WHAT IS BEING ASKED ::
What you output must be the exact lines from the first line of the data through the one holding "Case with soup", with no pictures.
(EXERCISE DATA Opens)
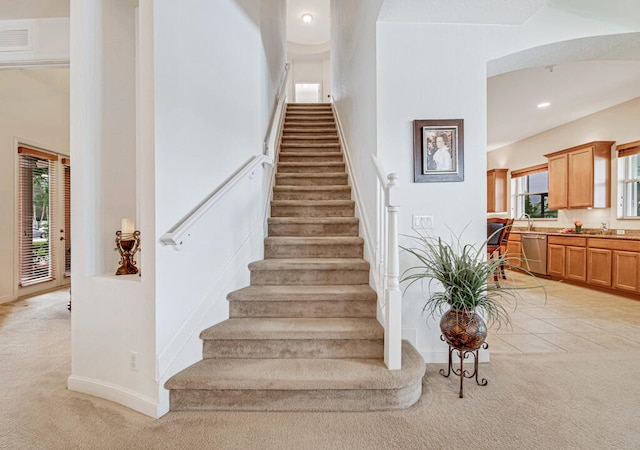 stairs with carpet flooring and sink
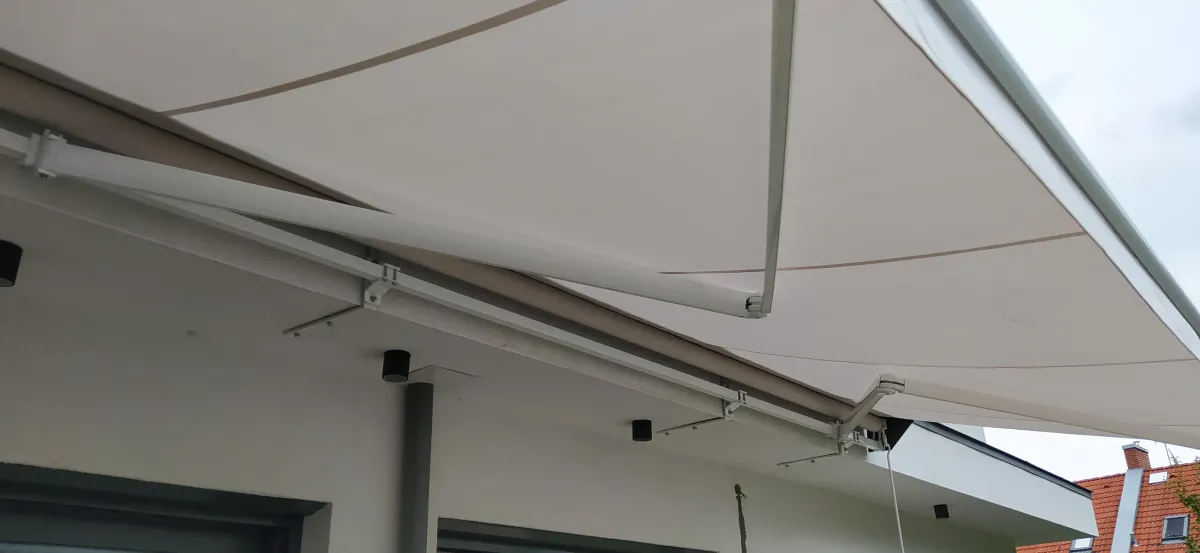 Egy modern, fehér napellenző látható egy családi ház teraszán. A napellenző fémből készült váza az épület homlokzatához van rögzítve, a szerkezeti karok nyitott állapotban tartják a kifeszített ponyvát. A vászon enyhén ívelt, világos színű, vékony barna csíkok díszítik. A mennyezetről leeresztett napellenző kellemes árnyékot biztosít a terasz alatt, a háttérben részben látható a szomszédos ház piros cserepes teteje és az ég is. Az egész jelenet napos, rendezett, modern környezetet sugall.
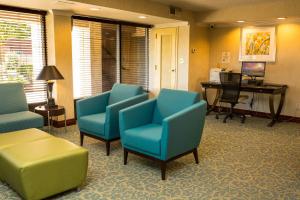 a waiting room with blue chairs and a desk at Days Inn by Wyndham Newark Wilmington in Newark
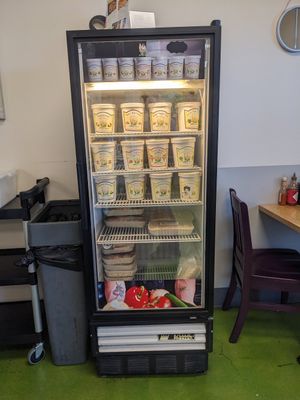 Case with soup and prepared foods (lasagna and tamales) at Great Full Gardens Cafe & Eatery in Reno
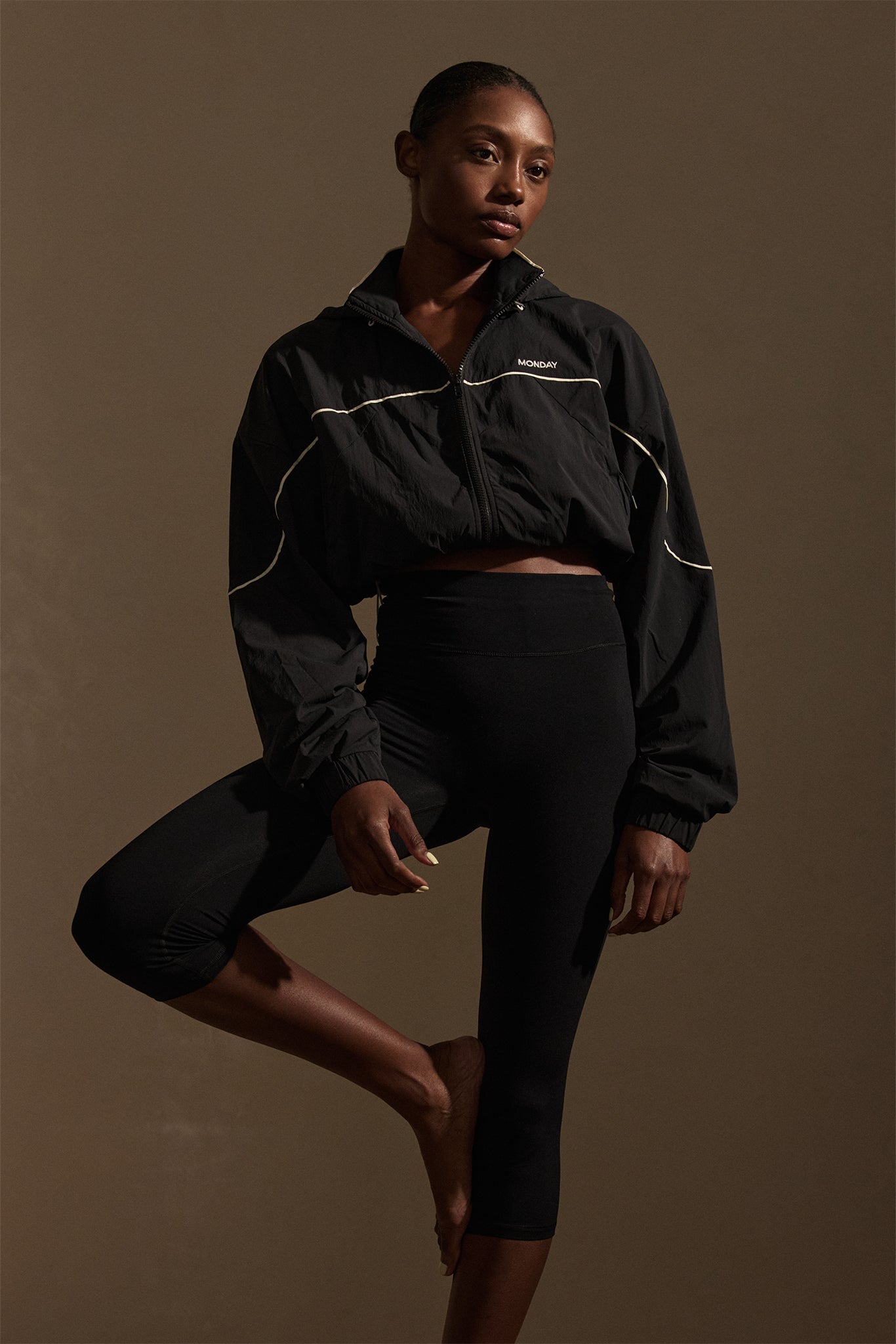 Three-quarter view of Acadia cropped legging in black jersey on model showing high-rise wide waistband and mid-calf length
(EXERCISE DATA Closes)
ANSWER SECTION ::
 stairs with carpet flooring and sink
 Egy modern, fehér napellenző látható egy családi ház teraszán. A napellenző fémből készült váza az épület homlokzatához van rögzítve, a szerkezeti karok nyitott állapotban tartják a kifeszített ponyvát. A vászon enyhén ívelt, világos színű, vékony barna csíkok díszítik. A mennyezetről leeresztett napellenző kellemes árnyékot biztosít a terasz alatt, a háttérben részben látható a szomszédos ház piros cserepes teteje és az ég is. Az egész jelenet napos, rendezett, modern környezetet sugall.
 a waiting room with blue chairs and a desk at Days Inn by Wyndham Newark Wilmington in Newark
 Case with soup and prepared foods (lasagna and tamales) at Great Full Gardens Cafe & Eatery in Reno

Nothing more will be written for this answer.